As the tourist season drew near, many of the restaurants and resorts that had remained previously unopened were cleaning up, hanging signs, and applying fresh coats of paint to mask the pervasive mildew that seemed to cover everything. We had the luxury of eating at some of the finer local restaurants that had semi-famous reputations, and most were deserving of their fame.
Two streets over from our well-loved condo was one of the swankiest resorts in the area, the Hotel Goan Heritage. Pricey by even western standards, it was where the wealthy westerners, businessmen, bureaucrats, and elite would stay when in Goa. With several swimming pools to choose from, open to the public for a small fee, it made for a nice getaway and a chance for us to feel wealthy, if only for a moment. The restaurant served authentic European cuisine, a fact which was not lost on us or our children, who by this time were getting quite tired of Indian food.
Among the services they offered were a salon and a haircutter. I had been toying with the idea of getting my locks trimmed before returning to the conservative folds of Southern Ontario, to seem a little more respectable and to perhaps blend in a bit better. By now my hair was well past my shoulders, as it had been more than a year since any sort of a trim. I enquired at the salon reception, and on a whim, decided to get my mane significantly lessened. The ladies working the counter informed me that it would be just a few moments until they summoned the male barber. I dawned on me that strict cultural taboos still held sway here, and that according to custom, it was inappropriate for a woman to cut my hair.
I was led into the men’s cutting room to await the barber. He seemed a barberly enough sort of fellow, with a thick mustache, and hair slicked back by some sort of pomade. He looked a bit aghast when I explained that I wanted my hair cut short, and I watched in the mirror with amusement as he proceeded to cut my hair in rough chunks. I was beginning to doubt that he had ever cut long hair before, as few men in India wore it, and due to the aforementioned cultural taboo’s he would never have had the experience of cutting a woman’s long hair.
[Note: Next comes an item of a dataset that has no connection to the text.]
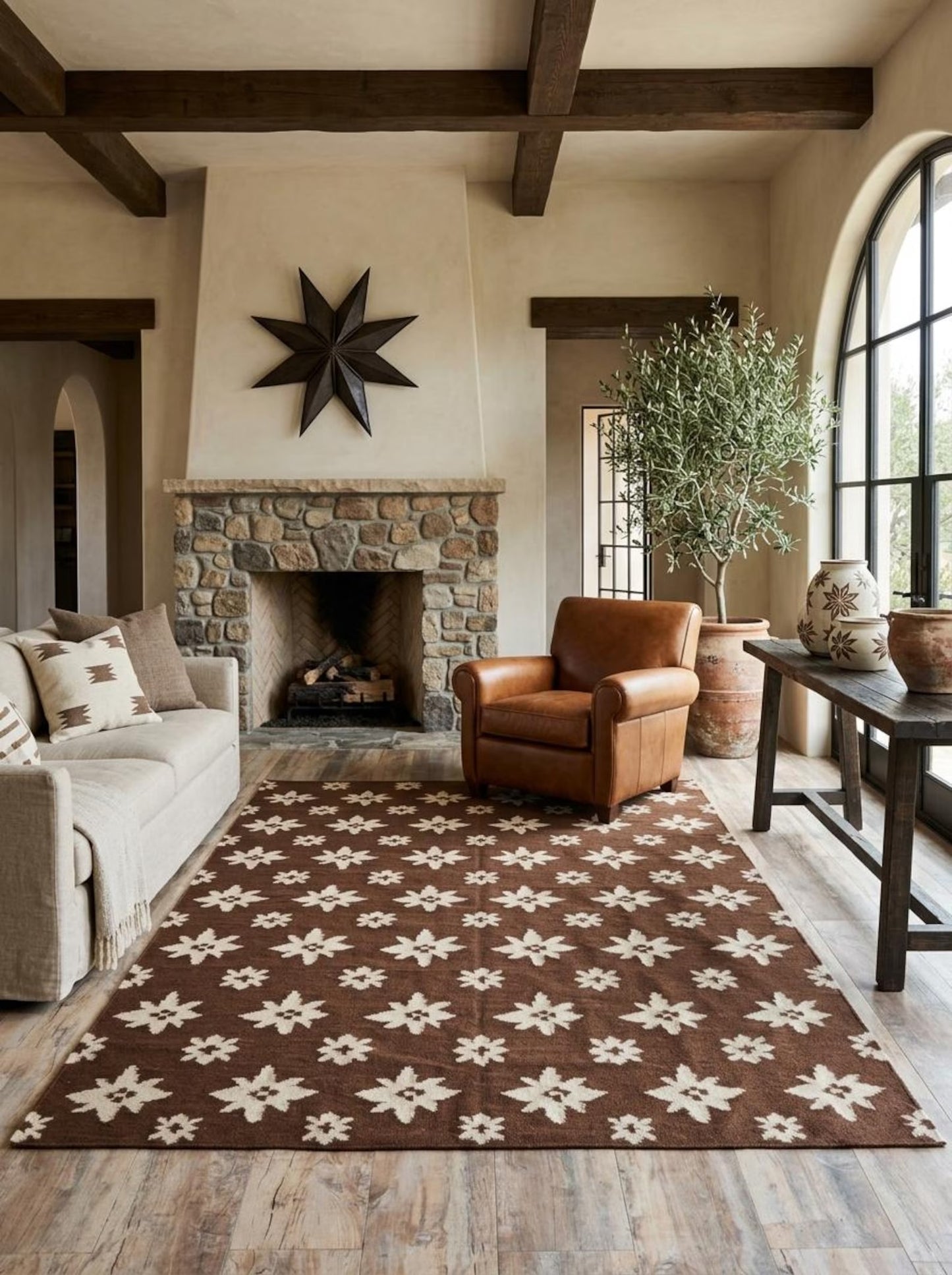 Chestnut Starburst Blossom Earthy Brown & Cream Wool Cotton Dhurrie Rug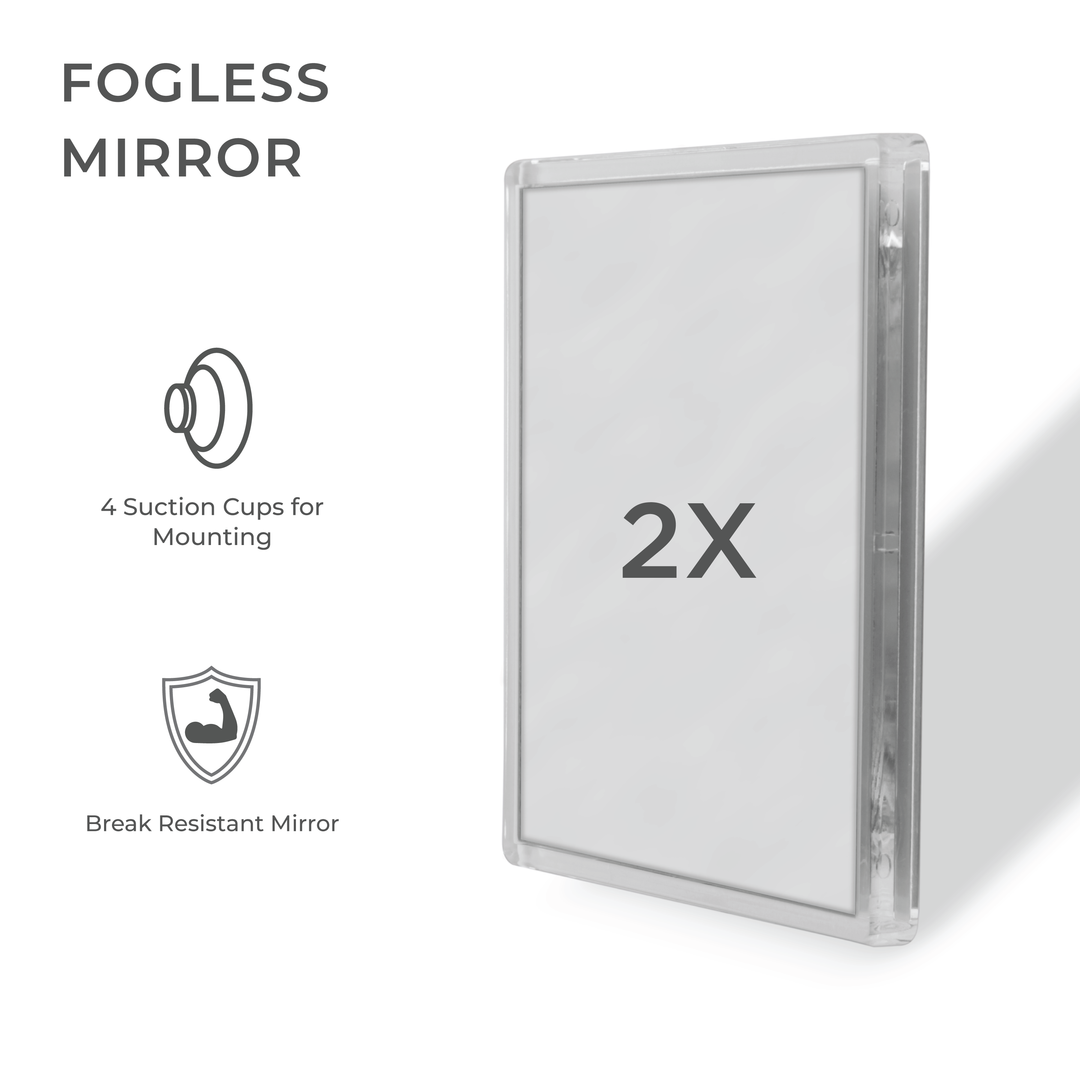 Fogless Shower Mirror with Magnification & Suction Cup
After a few minutes of his frantic jabs and uneven cuts, I began to wonder if he had ever cut hair at all. He would hesitantly hover, consider his stroke carefully, make a few tentative thrusts, and then snip a lock or two before stepping back to consider his next move.
My head was an uneven mess of tufts jutting out at all angles, and he stood back, and looking satisfied with his work, handed me the mirror. “Can you even it out a bit?” I asked, not wanting to offend his skill (or lack therof.)
“Sure, sure. Just a moment more, please sir.” It didn’t seem that he did anything more than trim some of the grosser examples of unevenness when he put his scissors down, seeming pleased with his work. Realizing that anything more might leave me with an unworkable or bald head, I thanked the man, paid and left. Honestly, being shaved clean might have been preferable at that point, but I had no desire to let this man get any closer to my soft, blood filled scalp.
I should hand to Theresa, she hid her laughter well, and volunteered to repair the damage at home with her own scissors. I tried to hide my head as well as I could on the walk home, to avoid the pointing and stares that I imagined awaited me on sight of my now misshapen head. Ah well, at least hair grows back. I still had much to be thankful for. And we were heading home to Canada soon!
It was somewhat bittersweet, as we knew there was so much more world to see. We had barely touched upon India alone, and had a yearning for Europe and other far flung reaches of the globe. Once the travel bug has you in its grip, it’s hard to escape its grasp. Theresa had been planning a trip to Europe when she found out the she was pregnant with Cyrus, which had curtailed her plans indefinitely. To be so close and yet so far was difficult. In theory, we had the funds to do so. We had used about two thirds of our savings in our trip, and knew that Europe was not cheap, and would result in us returning home with little left in the bank. If not for the fact that the children had expressed their desire to return home before we even set out for India, we surely would have explored the continent that so many of us in North America can trace our ancestry back to. Theresa’s family all hailed from Russia, but we had no real desire to visit that vast and wild nation. I had roots in Ireland and England, and Italy, France, and Spain all held a certain allure as well.
Deciding to play it safe, and I having completed my certification in Ayurvedic essentials, we had opted to return to Canada, stopping at least for a visit to my family in Ontario, and leaving enough in the bank to start anew wherever we ended up. The journey of life is always in progress. It is our perspective of forward motion and change of scenery that make us feel as though we are travelling. Put that in your pipe and smoke it, Deepak Chopra!